С первым лучом солнца он уже на ногах, на палубе. Спит Николай Афанасьевич мало. До поздней ночи сидит в каюте Андреева — там у нас была главная треп-квартира, — рассказывает свои байки, ближе к полуночи уже не рассказывает, а только слушает и, наконец, когда у него начинают слипаться глаза, встает и тихонько пробирается к выходу. Бормочет:
— Не расплескать бы сон по дороге.
Ранним утром, когда бы ты ни встал, на палубе можно встретить Никафо. Если день происходит в открытом море, вокруг него — матросы. Они его обожают. Особенно любят послушать, как травит Никафо. Травля эта идет весь день, все свободное от съемок время. Рассказывать, по-морскому — травить, Никафо большой мастер. Но рассказы это чисто мужские, не для дам. И не для печати, конечно.
Если же судно стоит у причала, Никафо ловит рыбу. Более страстного рыбака нет во всем советском кинематографе. Как то признался мне:
— Знаешь, как я теперь сценарий выбираю? Если, например, сценарий начинается так: «По оживленной городской улице…» — я говорю себе: «Нет, это мне не подходит». А если сценарий начинается со слов: «На берегу пруда…» — я говорю: «О! Это как раз по мне!»

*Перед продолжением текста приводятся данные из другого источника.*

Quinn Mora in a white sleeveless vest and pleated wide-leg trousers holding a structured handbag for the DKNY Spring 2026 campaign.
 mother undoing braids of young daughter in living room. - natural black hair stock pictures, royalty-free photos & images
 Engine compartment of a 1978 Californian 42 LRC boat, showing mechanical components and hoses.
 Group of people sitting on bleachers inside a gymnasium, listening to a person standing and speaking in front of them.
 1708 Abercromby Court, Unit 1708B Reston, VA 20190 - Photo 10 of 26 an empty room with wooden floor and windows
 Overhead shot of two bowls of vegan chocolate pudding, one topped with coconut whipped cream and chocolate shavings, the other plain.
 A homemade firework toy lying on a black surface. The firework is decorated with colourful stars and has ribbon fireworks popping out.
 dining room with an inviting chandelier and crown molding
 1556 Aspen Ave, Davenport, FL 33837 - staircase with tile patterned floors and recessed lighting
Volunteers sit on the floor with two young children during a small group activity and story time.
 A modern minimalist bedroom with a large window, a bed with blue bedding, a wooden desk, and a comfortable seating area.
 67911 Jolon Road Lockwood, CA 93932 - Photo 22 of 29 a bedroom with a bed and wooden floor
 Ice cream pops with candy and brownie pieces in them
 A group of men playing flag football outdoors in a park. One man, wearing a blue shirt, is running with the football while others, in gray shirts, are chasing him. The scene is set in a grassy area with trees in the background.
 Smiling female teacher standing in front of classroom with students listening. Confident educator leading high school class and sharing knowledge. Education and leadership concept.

Никафо умудряется ловить рыбу всюду: в море, в речке, в пруду, в бассейне; на червяка, на хлеб, на перышко, на голый крючок, сетью, спиннингом, руками… В кино он был непререкаемый авторитет по части рыбалки, президент «Академии рыболовецких наук». В эту академию, в ноябре того же года, был принят Борис Федорович Андреев. Наши пароходные рыбаки Крючков, Жеваго, Уральский, Валька — подшкипер, второй после Никафо авторитет по части рыбалки, долго готовили его к этому событию, инструктировали, показывали крючки, самодуры, говорили про повадки ставриды — как раз шли по осени косяки ставриды. Утром, затемно еще, на моторном боте уехали в море. Вернулся Андреев счастливый, уставший — шесть ведер ставриды наловили они в тот день. Вечером решили отметить событие — прием в «академию» нового члена. Капа, буфетчица, сварила уху, сели за сверкающий чистыми приборами стол в кают-компании — ждали только Вальку — подшкипера, он что-то запаздывал. Но вот появился и подшкипер.